Material for this task ->
· · · · ·
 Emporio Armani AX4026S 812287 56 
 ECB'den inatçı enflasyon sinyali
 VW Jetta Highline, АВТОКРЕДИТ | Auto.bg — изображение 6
· · · · ·
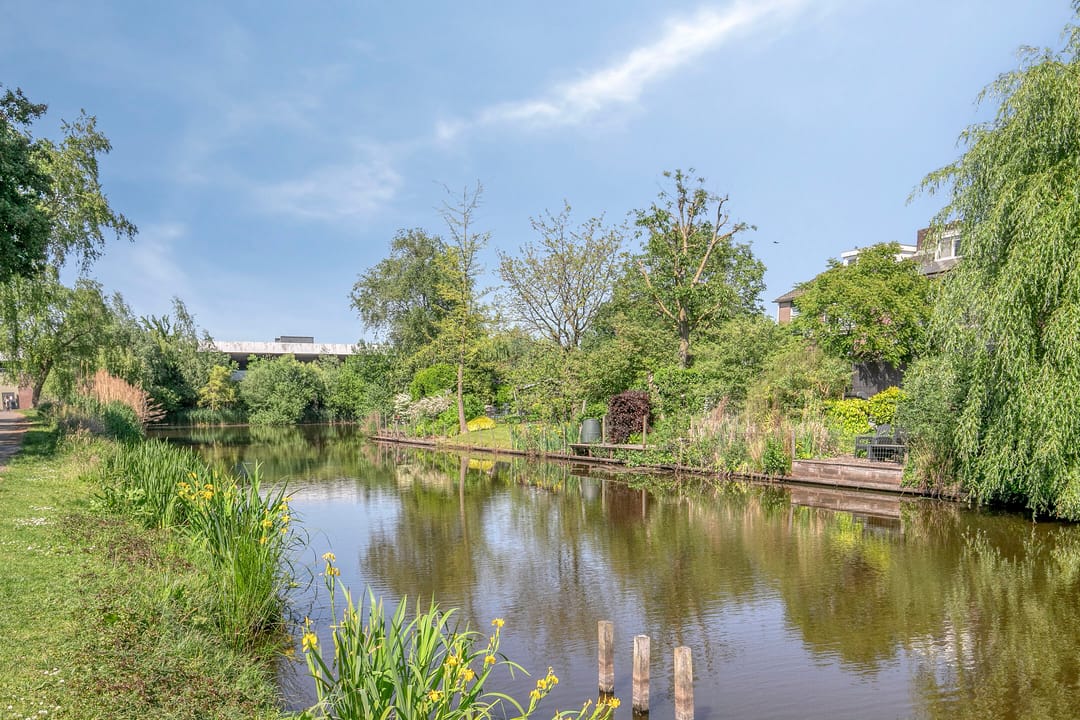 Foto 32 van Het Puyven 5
· · · · ·
Exercise -> Repeat exactly the lines of the listing above, from the one with "Emporio Armani AX4026S 812287 56" down to the one with "VW Jetta Highline, АВТОКРЕДИТ"; both of those lines belong in the range.

Exercise output ->
 Emporio Armani AX4026S 812287 56 
 ECB'den inatçı enflasyon sinyali
 VW Jetta Highline, АВТОКРЕДИТ | Auto.bg — изображение 6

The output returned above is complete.